Important Things To Keep In Mind When Creating An Edible Landscape

Florida landscapes can be about more than just growing flowers and decorative plants. You also have the option to plant fruits, herbs, and vegetables to achieve an edible landscape. If you want a type of landscaping that requires less maintenance, perennial edible plants are the best option to consider. Aside from growing food, you are also maintaining an attractive yard. Here’s how you can get started:

Landscaping with edibles – what you need to know?

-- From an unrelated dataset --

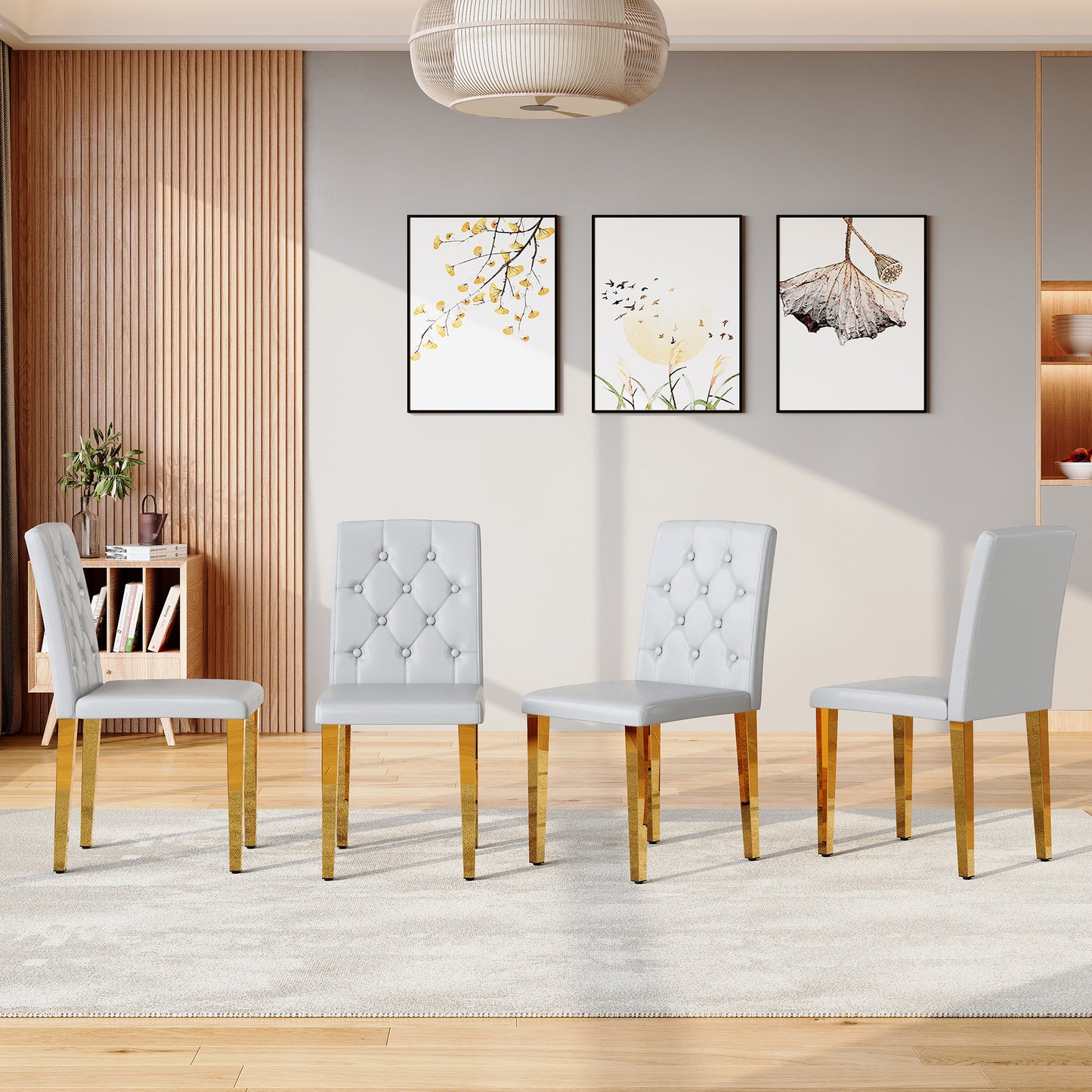 4-piece Set Of Light Grey PU Dining Chairs,Ergonomically Designed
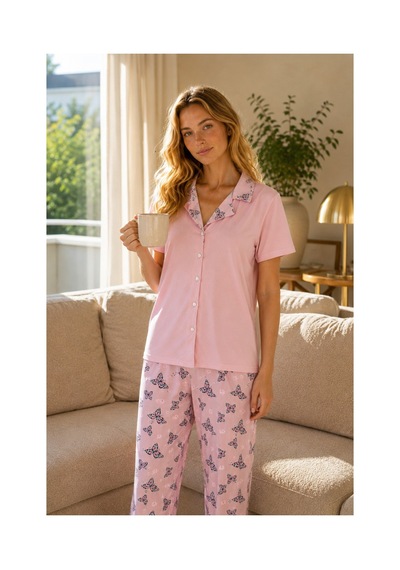 Rindahomewear Kadın Milan Düğmeli Pijama Takımı Pembe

Most homeowners consider a landscape composed mostly of flowers, lawn, and decorative shrubs and trees the norm. However, edible landscapes are not new to the scene. Adding edibles to home landscaping has been around for decades. It’s a practice that adds interest, as well as a source of fresh food to any yard. The fact that less than 2% of Americans are engaged in farming makes this idea an exciting way to bring agriculture into the urban landscape.

Maintaining a typical Florida landscape may not be your idea of an exciting weekend hobby. Mowing the lawn weekly can be a mundane task, of which you will soon grow tired. With edibles, you can kick your typical landscape up a notch. A well-planned edible landscape does not require more maintenance, and it will also attract insects that are beneficial to the environment.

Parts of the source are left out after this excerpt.